Nick Broomfield has been accused of dumbing-down recently, his documentaries–particularly his films about Kurt Cobain and Tupac Shakur–receiving a number of critical reviews suggesting he was too interested in celebrity and that his gonzo style of filmmaking had become too overbearing and loose. In returning to the case of Aileen Wournos, subject of his 1992 Aileen Wournos: the Selling of a Serial Killer, Broomfield has set those critics straight, and then some–and this work has been recognised, the film winning ‘Best Documentary’ at the Tribeca film festival. This impassioned, important documentary making at its very best, and should get much more coverage than it, sadly, will actually receive.
In the early 90s Broomfield travelled to Florida to make a film about the case of Aileen Wournos, accused of the murder of seven men on a Florida highway over the course of a year or so. Female serial killers are unusual and the media attention given them seemingly outweighs that assigned to men because of the fact that it is suggested women must be fundamentally evil to kill, whilst men are more prone to it. Women who kill are witches, fascinating but repellent at the same time. Myra Hindley has never been forgiven and she has become a cultural totem of evil, but the death of Ian Brady–arguably much more important in the Moors murders–would arouse much less media interest, for instance. Wournos suffered, it is alleged, for this gender bias. Her biography had salacious details–a lesbian past, accusations of incest and abuse–and her story was huge. So huge, in fact, that police officers, a lawyer and her adoptive mother were all implied in a conspiracy to sell her story to Hollywood during the trial.
In 2002 Broomfield was subpoenaed to appear at Wournos’ final appeal, and his film submitted as evidence. The film Aileen: Life and Death of a Serial Killer follows the legal process of Wournos’ execution and questions the society that created her. Interviewing her childhood friends, past lovers, family and legal counsel, the film is deeply involved in the process of understanding her guilt (as Broomfield is in her trial), but fundamentally confused about how to do this. Broomfield suggests that American society is sickening, a horrific state in which the abused and the needy end up living in the woods for years taking drugs and selling themselves. It is a moving and a difficult film, harrowing but angering, too.

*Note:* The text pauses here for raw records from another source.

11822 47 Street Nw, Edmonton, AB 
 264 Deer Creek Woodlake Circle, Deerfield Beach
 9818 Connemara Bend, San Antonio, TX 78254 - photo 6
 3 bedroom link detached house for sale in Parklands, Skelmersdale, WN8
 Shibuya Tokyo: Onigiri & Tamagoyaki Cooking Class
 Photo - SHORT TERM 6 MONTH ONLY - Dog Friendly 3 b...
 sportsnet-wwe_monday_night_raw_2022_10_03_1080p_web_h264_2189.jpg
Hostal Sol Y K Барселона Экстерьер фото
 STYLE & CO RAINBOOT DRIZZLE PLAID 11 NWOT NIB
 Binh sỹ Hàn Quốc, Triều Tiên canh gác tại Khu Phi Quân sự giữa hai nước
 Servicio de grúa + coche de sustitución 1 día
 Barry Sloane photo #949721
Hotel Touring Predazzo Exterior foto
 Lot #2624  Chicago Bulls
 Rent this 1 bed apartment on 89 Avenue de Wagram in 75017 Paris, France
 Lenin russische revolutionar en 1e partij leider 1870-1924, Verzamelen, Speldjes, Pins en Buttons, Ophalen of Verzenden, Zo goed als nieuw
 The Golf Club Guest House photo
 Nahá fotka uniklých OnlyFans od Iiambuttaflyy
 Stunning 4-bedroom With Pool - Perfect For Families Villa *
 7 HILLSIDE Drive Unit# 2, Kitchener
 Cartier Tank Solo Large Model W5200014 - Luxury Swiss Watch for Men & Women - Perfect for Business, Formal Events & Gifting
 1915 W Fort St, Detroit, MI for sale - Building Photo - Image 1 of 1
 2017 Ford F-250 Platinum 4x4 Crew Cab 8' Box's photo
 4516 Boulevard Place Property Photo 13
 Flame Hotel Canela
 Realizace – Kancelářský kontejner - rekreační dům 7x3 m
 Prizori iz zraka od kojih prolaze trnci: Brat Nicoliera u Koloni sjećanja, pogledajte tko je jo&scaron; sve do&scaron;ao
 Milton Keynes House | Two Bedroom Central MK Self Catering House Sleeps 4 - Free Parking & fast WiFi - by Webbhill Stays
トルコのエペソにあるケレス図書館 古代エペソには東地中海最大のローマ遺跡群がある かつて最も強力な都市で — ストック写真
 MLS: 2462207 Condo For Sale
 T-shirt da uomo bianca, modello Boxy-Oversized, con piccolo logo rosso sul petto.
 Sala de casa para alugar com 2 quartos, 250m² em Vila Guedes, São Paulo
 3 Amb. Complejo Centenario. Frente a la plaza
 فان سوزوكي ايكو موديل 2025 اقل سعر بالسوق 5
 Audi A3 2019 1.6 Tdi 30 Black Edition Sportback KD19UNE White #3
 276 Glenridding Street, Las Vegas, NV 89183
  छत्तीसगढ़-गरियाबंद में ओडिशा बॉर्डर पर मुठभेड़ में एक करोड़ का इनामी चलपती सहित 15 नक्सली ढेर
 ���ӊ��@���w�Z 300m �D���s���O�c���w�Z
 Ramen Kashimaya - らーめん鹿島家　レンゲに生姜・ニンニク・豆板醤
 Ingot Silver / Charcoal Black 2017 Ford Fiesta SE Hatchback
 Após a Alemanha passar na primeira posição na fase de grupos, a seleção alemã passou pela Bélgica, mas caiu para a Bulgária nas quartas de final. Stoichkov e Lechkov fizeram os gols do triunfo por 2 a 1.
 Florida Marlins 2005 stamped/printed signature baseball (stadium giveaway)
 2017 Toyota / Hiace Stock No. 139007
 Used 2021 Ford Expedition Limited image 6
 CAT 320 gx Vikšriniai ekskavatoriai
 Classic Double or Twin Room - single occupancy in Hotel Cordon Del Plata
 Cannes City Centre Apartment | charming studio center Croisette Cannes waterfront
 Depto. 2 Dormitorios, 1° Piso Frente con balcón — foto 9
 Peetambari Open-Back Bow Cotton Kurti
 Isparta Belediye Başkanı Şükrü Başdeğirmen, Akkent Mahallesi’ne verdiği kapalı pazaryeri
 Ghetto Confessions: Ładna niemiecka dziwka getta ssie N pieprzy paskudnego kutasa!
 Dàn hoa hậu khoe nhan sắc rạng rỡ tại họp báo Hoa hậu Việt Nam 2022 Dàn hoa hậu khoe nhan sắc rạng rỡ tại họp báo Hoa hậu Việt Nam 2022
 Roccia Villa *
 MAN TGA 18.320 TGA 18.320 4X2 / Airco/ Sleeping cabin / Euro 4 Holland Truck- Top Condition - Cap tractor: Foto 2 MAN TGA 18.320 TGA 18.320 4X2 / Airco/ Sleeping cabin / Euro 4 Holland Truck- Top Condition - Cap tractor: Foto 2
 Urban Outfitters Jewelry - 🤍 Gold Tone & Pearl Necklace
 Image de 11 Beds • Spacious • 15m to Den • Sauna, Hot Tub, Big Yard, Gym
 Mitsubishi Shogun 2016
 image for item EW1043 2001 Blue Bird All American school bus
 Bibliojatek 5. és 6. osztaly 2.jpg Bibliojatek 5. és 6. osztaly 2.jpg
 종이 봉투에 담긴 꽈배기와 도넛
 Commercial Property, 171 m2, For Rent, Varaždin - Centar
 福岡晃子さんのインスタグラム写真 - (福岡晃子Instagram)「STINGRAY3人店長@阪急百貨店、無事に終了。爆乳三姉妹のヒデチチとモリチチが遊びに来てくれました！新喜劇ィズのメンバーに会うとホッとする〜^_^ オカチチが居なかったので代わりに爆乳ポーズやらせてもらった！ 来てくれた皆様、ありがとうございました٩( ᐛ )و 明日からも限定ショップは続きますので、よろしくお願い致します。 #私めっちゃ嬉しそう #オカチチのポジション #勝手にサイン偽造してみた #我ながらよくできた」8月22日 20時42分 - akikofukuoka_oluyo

The film’s clear logic is that the violence, drugs and social disability of Aileen’s life contributed to her horrific descent, without a safety net, into a world of hitchhiking prostitution. According to this thesis, because of the lack of support and care she came into contact with horrific men (her first victim, who she originally alleged had anally raped her, had several previous convictions for sexual offences). Her initial defence had been self-defence, and she argued to her death that the police had known about her and had ‘let her kill again’ to encourage media interest. Indeed, she argued that the only reason she was called a serial killer was ‘the number’ which allowed the police to sell the rights to a higher bidder and increase the media witchhunt against her. It seems, however, a simplistic notion that she simply ‘lost her mind’ after the first killing. By its own reasoning, the film lacks sharpness on this point. She killed another six men within 12 months of the first, and pled self-defence for them all. She is either a serial murderer or insane, but the film can’t quite work out whether it is arguing for innate natural madness or socially conditioned insanity. Either way, it is obvious–as Broomfield points out in his briefing to the press at the end–that Wournos was not in full possession of her mind in the years before her execution. Whatever her mental state during the murders, she was evidently insane. Broomfield’s distanced persona and gravitas is crucial at this point–he simply allows the audience to make their own mind up. I would suggest that all those sitting in the theatre with me when I saw this disagreed with Jeb Bush’s official 15-minute psychological evaluation of her mental fitness to be executed (although, much like the version of her guilt or lack thereof, this is highly contingent and subjective).
You still have those seven victims, but, it feels at the end of this film, that Wournos herself becomes number eight. It is clear by the end of the film that Wournos wants to die because of the horrific pressures of Death Row. She has been consistently ill-served by the law, her family, the community and the media. The film indicts the entire weird, warped society of the United States as complicit somehow in her case, and in the horrific consequences of her actions.